Connecting people through stories to strengthen community.
How are you living your purpose?
I write books that reveal the lives and personalities or people we often don’t think about—the global poor, garment factory workers, and farmers. In Where am I Wearing? I went to the places my clothes were made to meet the people who made them. In Where Am I Eating? I followed a few of my favorite items of food to meet the farmers who produce them. Every day, we are connected to people around the world and we have very little idea what their lives are actually like. In my work, I put faces behind the labels.
I also co-founded The Facing Project, a community storytelling model. Think about the most challenging thing you faced in your life. Remember how alone you felt in that moment? But really you were surrounded by people who’ve faced the same challenges. You just didn’t realize it. Or maybe there are people in your community facing something you can’t even imagine.
The Facing Project is a nonprofit that empowers communities to champion these stories through acts of empathy—storytelling, listening, writing, and theatre. We help communities face topics such as poverty, homelessness, racism, and addiction by connecting neighbors in the storytelling process. Over the past five years, The Facing Project has worked with 75 communities and 7,500 volunteers to bring to life 1,500 stories.
How did you find your purpose?
After college, I put my anthropology degree to use as a SCUBA instructor in Key West. I’d save up my money and blow it all traveling. I started writing about my travels and before I knew I was getting paid 10s of dollars a month! It was the world’s most expensive hobby and I loved it. I’d save up money, travel, repeat.
I was looking for the next place to go and I had this T-shirt that had a picture of a guy named Tattoo from a TV how in the ‘80s (Fantasy Island). It read: Come with me to my tropical paradise. I decided I would go wherever the shirt was made, so off I went to Honduras. After SCUBA diving and jungle hiking, I decided I should at least go to the factory where the shirt was made. While there, I met a guy, Amilcar, who was about my same age. That’s when things go real and the focus of my writing and travel shifted from having adventures to telling the stories of people who often go unheard.
What advice do you have for purpose seekers?
Leave. Book a ticket right now to Central America or Southeast Asia or Africa.
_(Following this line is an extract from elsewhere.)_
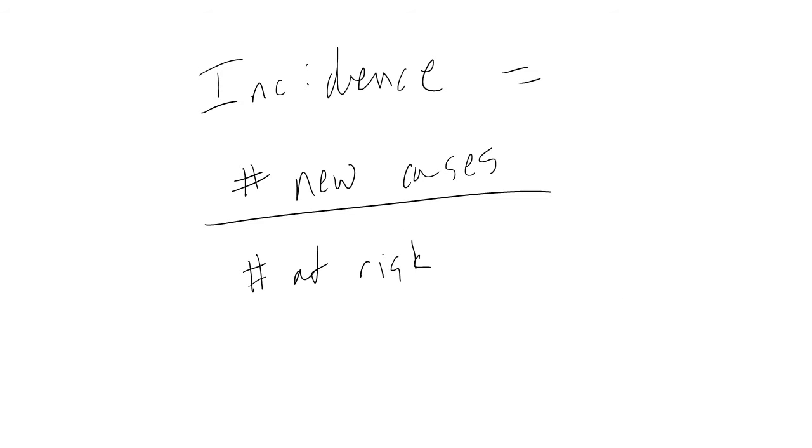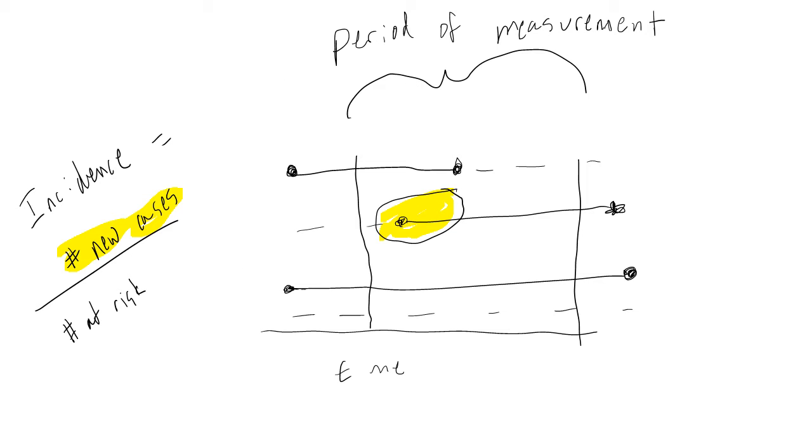For incidence, we're interested in the number of new cases divided by all of those at risk. In other words, we want to know the portion or percentage of those at risk of getting a disease who actually got the disease. Let's start with the numerator, our count of the number of new cases.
Not Europe. Find yourself in some village teaching kids to throw a Frisbee. Meet people who speak a different language, worship a different god, and live vastly different lives than your own. Leaving helps us know our homes and ourselves better, and we evaluate what is most important in our own lives.
What resources do you recommend?
Read and subscribe to your local newspaper no matter how bad it is. Be a part of your community.
Read The Life You Can Save: How to Do Your Part to End World Poverty by Peter Singer and visit his website. He makes us ask tough questions of ourselves.
80000hours.org — the best career guide I’ve seen.
Bowling Alone: The Collapse and Revival of American Community by Robert Putnam to examine the decline of community in American culture.
Kelsey Timmerman is the New York Times Bestselling author of Where am I Wearing?: A Global Tour to the Countries, Factories, and People That Make Our Clothes and Where Am I Eating?: An Adventure Through the Global Food Economy. His writing has appeared in places such as the Christian Science Monitor and has aired on NPR. Kelsey is also the co-founder of the Facing Project, which seeks to connect people through stories to strengthen community.